沼名河の 底なる玉 求めて 得し玉かも 拾ひて 得し玉かも 惜しき君が 老ゆらく惜しも (3247)
日本古典文学全集 萬葉集(3)を参考に訳すと
沼名川の 底にあったこの玉は 探し求めていて得た玉なのだ 拾い求めて 得た玉なのだ そのようにすばらしい 君が 老いゆくのが惜しい
戦後のあるときに糸魚川で翡翠が発見されるまで、遺跡で発見される翡翠は中国製と考えられた時期があったそうだ。この歌での沼名川は糸魚川ではないかと推定する研究者もいるようだ。この翡翠は、私の家の近くの縄文遺跡でも発見されたが、遠く三内丸山遺跡でも発見されたそうである。5000年前とかの交易品であったことは間違いないようだ。
このブログでも書いた、泉川(関西)に関係する歌に次のようなものもあった。
川の瀬の 激ちを見れば 玉かも 散り乱れたる 川の常かも (1685)
この泉川の伝説。

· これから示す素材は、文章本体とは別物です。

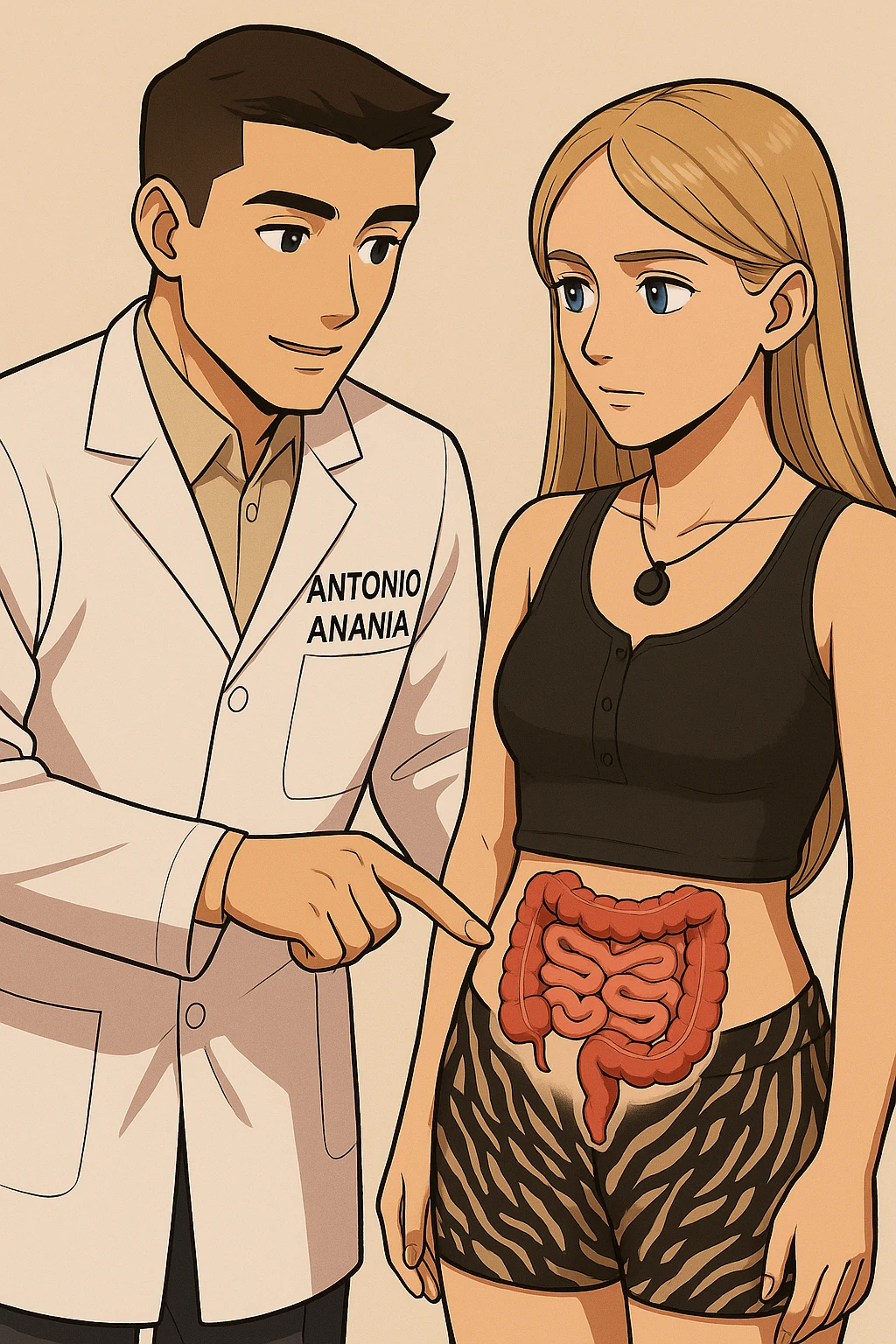 fai un webtoon/manga a colori con questo kinesiologo in camice bianco (fagli la scritta "ANTONIO ANANIA" SUL CAMICE) CHE PARLA CON QUESTA RAGAZZA CON GLI OCCHI AZZURRI. IL KINESIOLOGO CON IL CAMICE BIANCO LE TOCCA LA PANCIA CON UN DITO DOVE C'è L'INTESTINO. NON FARE I FUMETTI, FAI SOLO LORO COME SE DIALOGASSERO emoji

甕が埋められたとか、あるが、とても興味がある。
しかし、昨日の手名奈の歌もそうだが、こうした水のイメージは女性のイメージにも繋がり、エリアーデの宗教学の本を読みながら人間のもつ普遍性というか、唸ってしまう。聖書にもサマリアの女という美しい話があるが、そのヤコブの井戸ともどこか繋がっているような感じを持ってしまう。
写真は広島の実家のそばを流れている川。